Throughout Inyo, Mono and Alpine counties, more than 29 different projects were funded in whole or in part through CAPP. Initially kicked-off in late 2011, CAPP is now closing out the last of its projects.
Projects that covered bare dirt surfaces, roadways and parking lots resulted in the largest amount of reduced emissions. More than 885,000 pounds of fine dust is being controlled by new surfacing and paving, rock ‘mulch’ coverings, and new plantings, such as orchards and vineyards. This fine dust, or particulate matter air pollution, becomes a threat as the particle size gets smaller and can enter deeply into the lungs. Fine dust is especially dangerous to our youngest, oldest and sickest residents.
Three new street sweepers are also helping to control particulate matter air pollution by vacuuming roadways, preventing dust from being endlessly stirred into the atmosphere by passing vehicles and wind. And two new rodeo arena dust control systems are also helping to dampen and control tons of dust stirred by hooves and wind. Other projects will annually control thousands of pounds of air pollution from old inefficient woodstoves by providing Air District residents with new and much more efficient and cleaner wood, pellet, propane and kerosene heating systems.
Overall, this summer will have a lot less dust in the air originating from previously bare surfaces, while winter will have much less wood smoke throughout all three of the counties that comprise the Air District.
Carbon dioxide emissions (a main component of climate change realities) are also being reduced locally by several projects. An exhaust capture and filtration system at five Mono County vehicle maintenance facilities now stops thousands of pounds of CO2 and other harmful pollutants from entering the atmosphere, while public transit and an electric tractor have reduced fossil fuel use.
Thousands of pounds of other assorted, very dangerous air pollutants are also being controlled by these and other CAPP projects, including reductions in carbon monoxide (CO), nitrogen oxides (NOx), sulfur dioxide (SO2), benzene (C6H6) and diesel particulates.
In addition to air pollution reductions, CAPP funding has provided for locally grown produce through enhanced farming and community garden projects. The Town of Mammoth Lakes was also able to update its Air Quality Management Plan, and winter road safety has been increased in Mono and Alpine Counties with three new snow removal vehicles that can easily clear many more miles much faster than older vehicles, with far fewer engine emissions.

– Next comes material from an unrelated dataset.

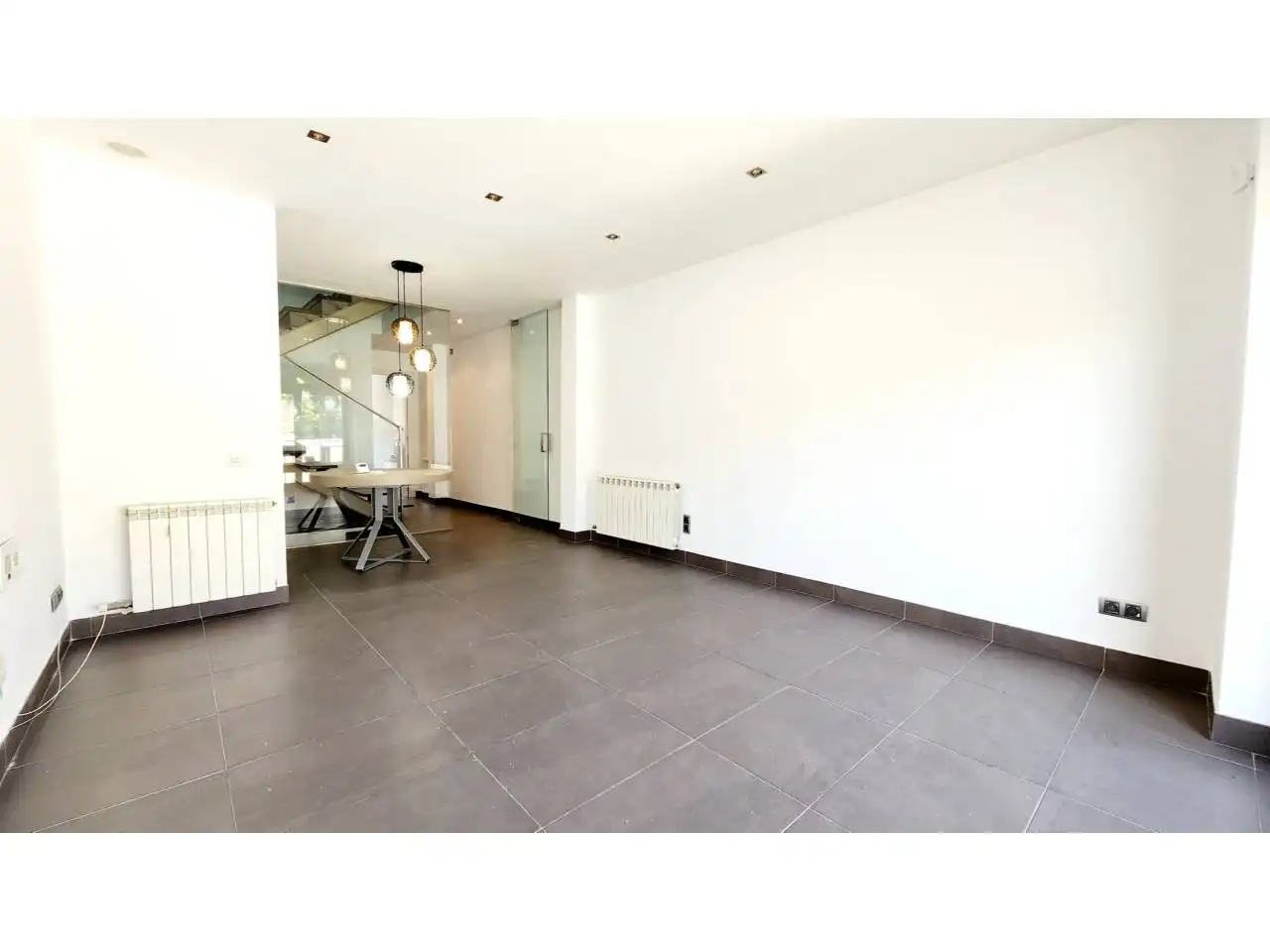 Einfamilien-Reihenhaus zum Verkauf in Sabadell mit Klimaanlage, Heizung und Terrasse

Providing for all of these positive outcomes, nearly $5.5 million has been paid to grantees from CAPP funds, with 64 percent of that going directly to local businesses and service providers. Additionally, more than $1.4 million was reported by grantees as shared costs, most of which also benefitted local providers. In total, these CAPP projects amount to an on-the-ground value of more than $6.8 million, all of which directly and indirectly benefits the region and all of its inhabitants, now and for years to come.
CAPP funds originated from a 2011 legal settlement between Great Basin and the Los Angeles Department of Water and Power concerning dust mitigation on the dry Owens Lake bed. DWP paid $6.5 million to Great Basin to help offset impacts and mitigate emissions from the dry lakebed. $5.5 million of the settlement was specifically designated to directly fund “clean air projects” throughout the Air District, with an emphasis placed on projects in the southern Owens Valley. The settlement defined “clean air projects” as “improvements, replacements, or programs that directly or indirectly result in a reduction in air pollution emissions.”
Local resident Lisa Isaacs was contracted by Great Basin in 2011 to provide CAPP management services. With a background in environmental program management, she oversaw the implementation and payment of all CAPP-funded projects and is very excited to report on its many successes. “The vision shown by the Air District in settlement discussions with LADWP was very impressive,” she notes. “They turned a negative into a positive that directly benefitted the entire region in so many ways.”
According to Ted Schade, Great Basin’s Air Pollution Control Officer, “the CAPP funding allowed Great Basin to provide assistance for dozens of air pollution reduction projects that likely would not have taken place otherwise. We have enjoyed working with all the grantees. It was their concern for air quality and their innovative ideas that has made our air that much cleaner and healthier.”